--- Dataset content Enclosed Below ---
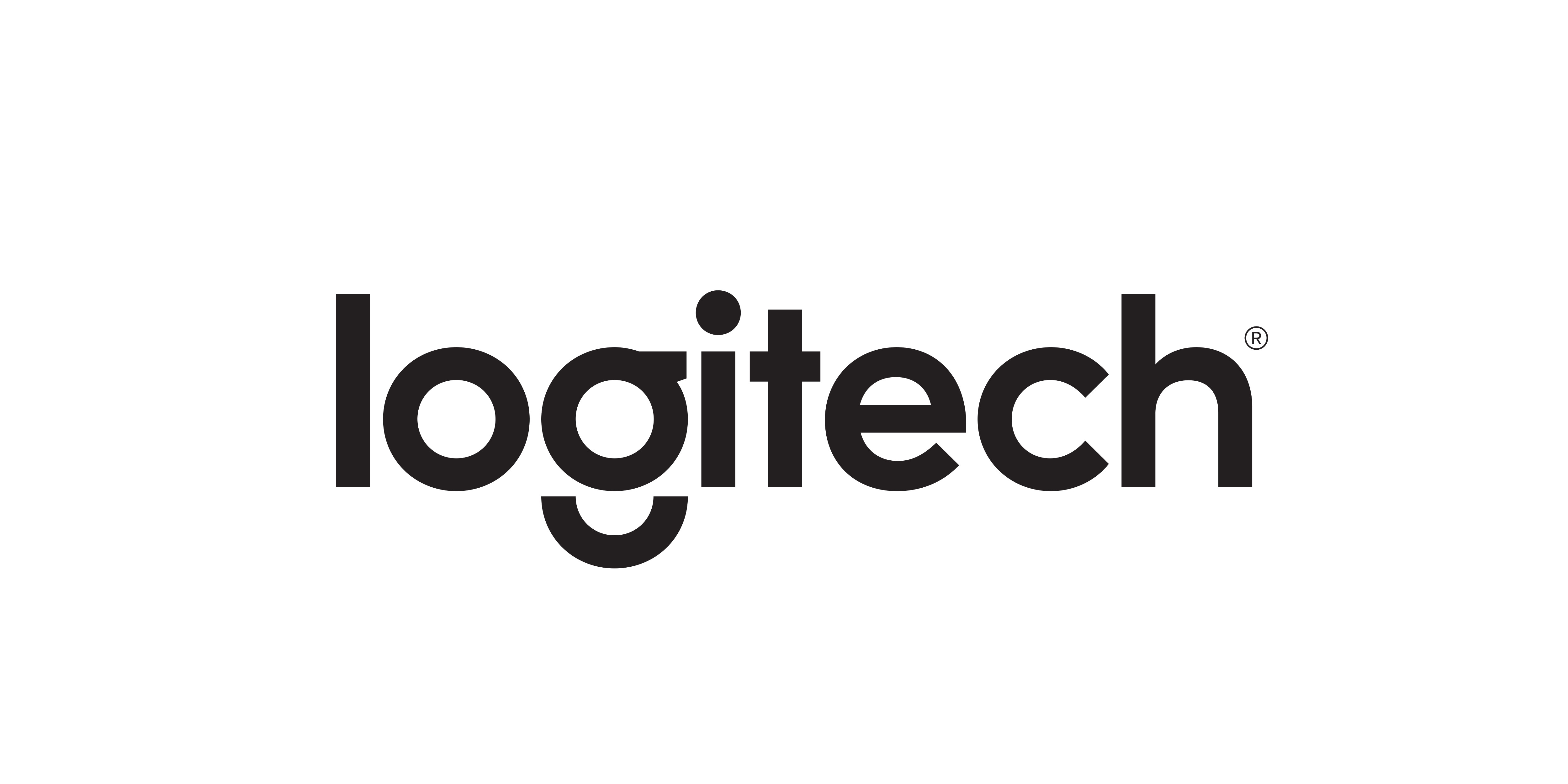 LOGITECH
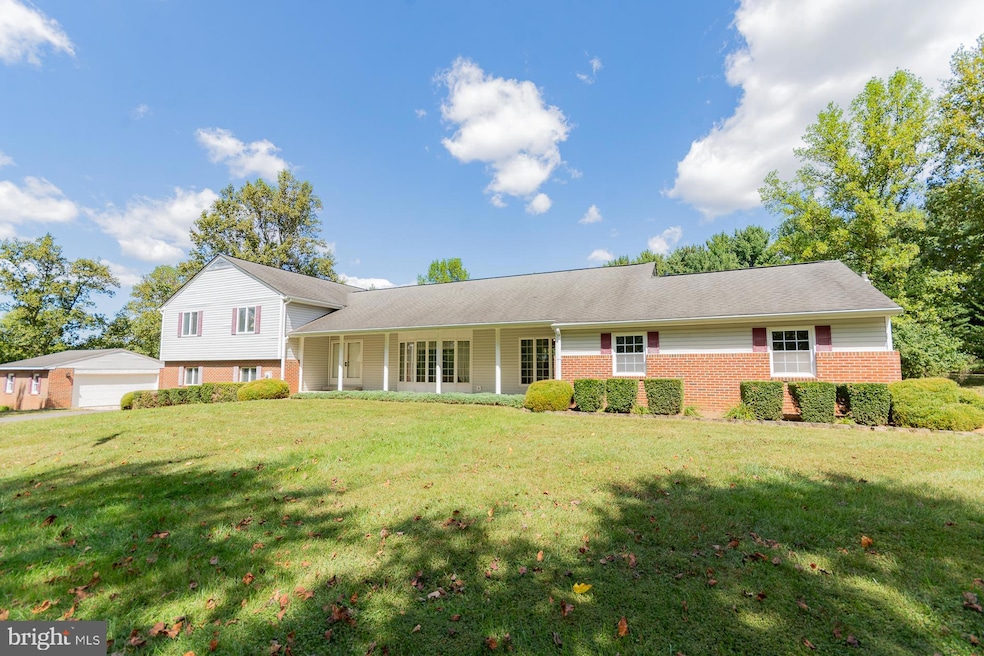 For Sale $459,999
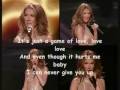 Dreaming of You    Celine Dion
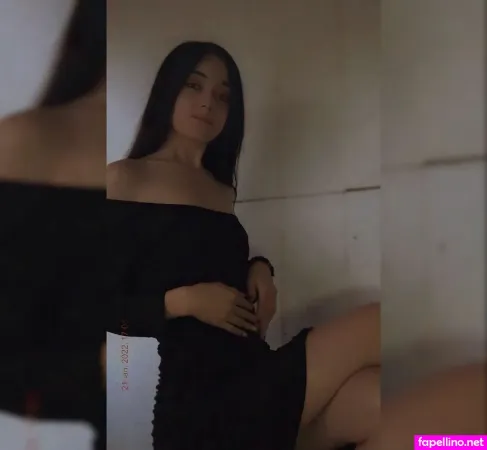 Alymaria18 OnlyFans Thumbnail #Nycl7Q711A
--- End of Enclosed Dataset content ---
What is needed is an exact copy of the data, with the pictures removed.

 LOGITECH
 For Sale $459,999
 Dreaming of You    Celine Dion
 Alymaria18 OnlyFans Thumbnail #Nycl7Q711A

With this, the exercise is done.